Problem requirements:
Print the data exactly. Omit the pictures.

Dataset extract:
■ ■ ■ ■
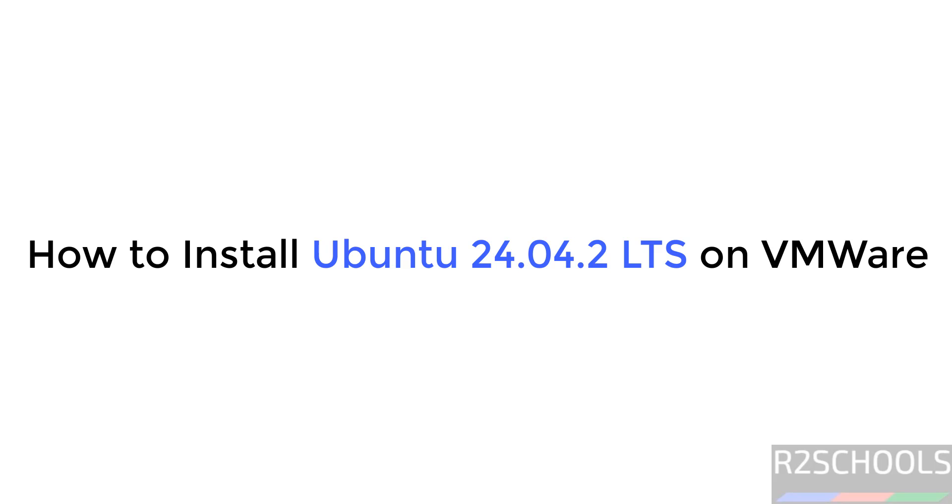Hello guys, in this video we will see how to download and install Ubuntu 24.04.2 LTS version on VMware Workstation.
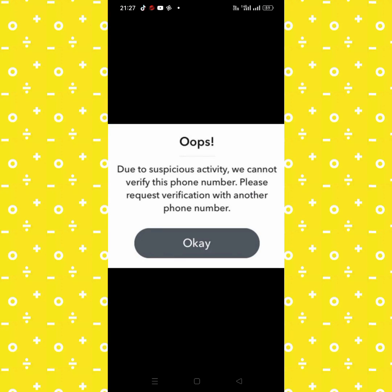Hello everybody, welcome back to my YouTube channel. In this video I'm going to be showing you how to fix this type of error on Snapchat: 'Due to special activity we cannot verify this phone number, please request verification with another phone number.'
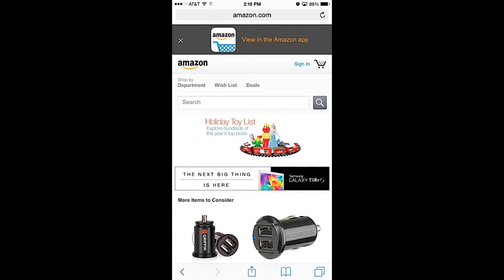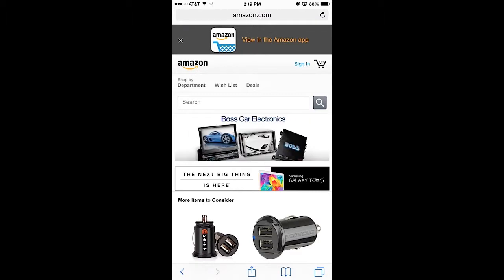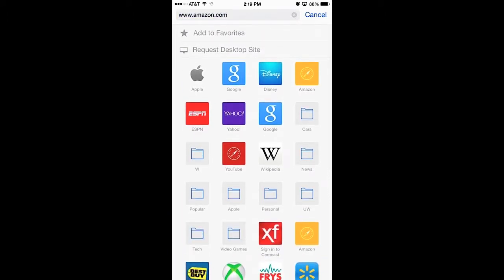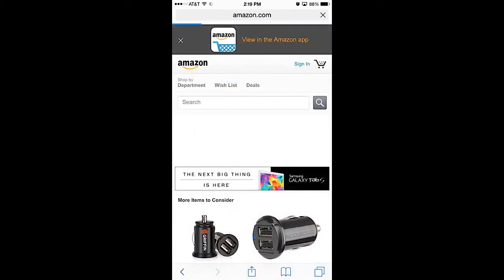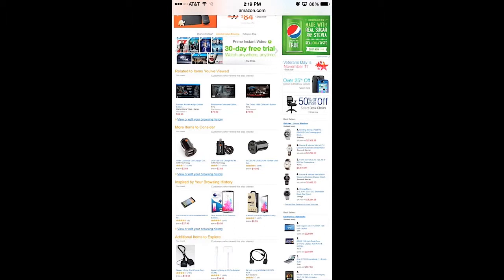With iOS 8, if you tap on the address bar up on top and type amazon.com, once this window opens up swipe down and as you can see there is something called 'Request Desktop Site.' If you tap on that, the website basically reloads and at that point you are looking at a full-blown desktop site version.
■ ■ ■ ■
Result of the task:
Hello guys, in this video we will see how to download and install Ubuntu 24.04.2 LTS version on VMware Workstation.
Hello everybody, welcome back to my YouTube channel. In this video I'm going to be showing you how to fix this type of error on Snapchat: 'Due to special activity we cannot verify this phone number, please request verification with another phone number.'
With iOS 8, if you tap on the address bar up on top and type amazon.com, once this window opens up swipe down and as you can see there is something called 'Request Desktop Site.' If you tap on that, the website basically reloads and at that point you are looking at a full-blown desktop site version.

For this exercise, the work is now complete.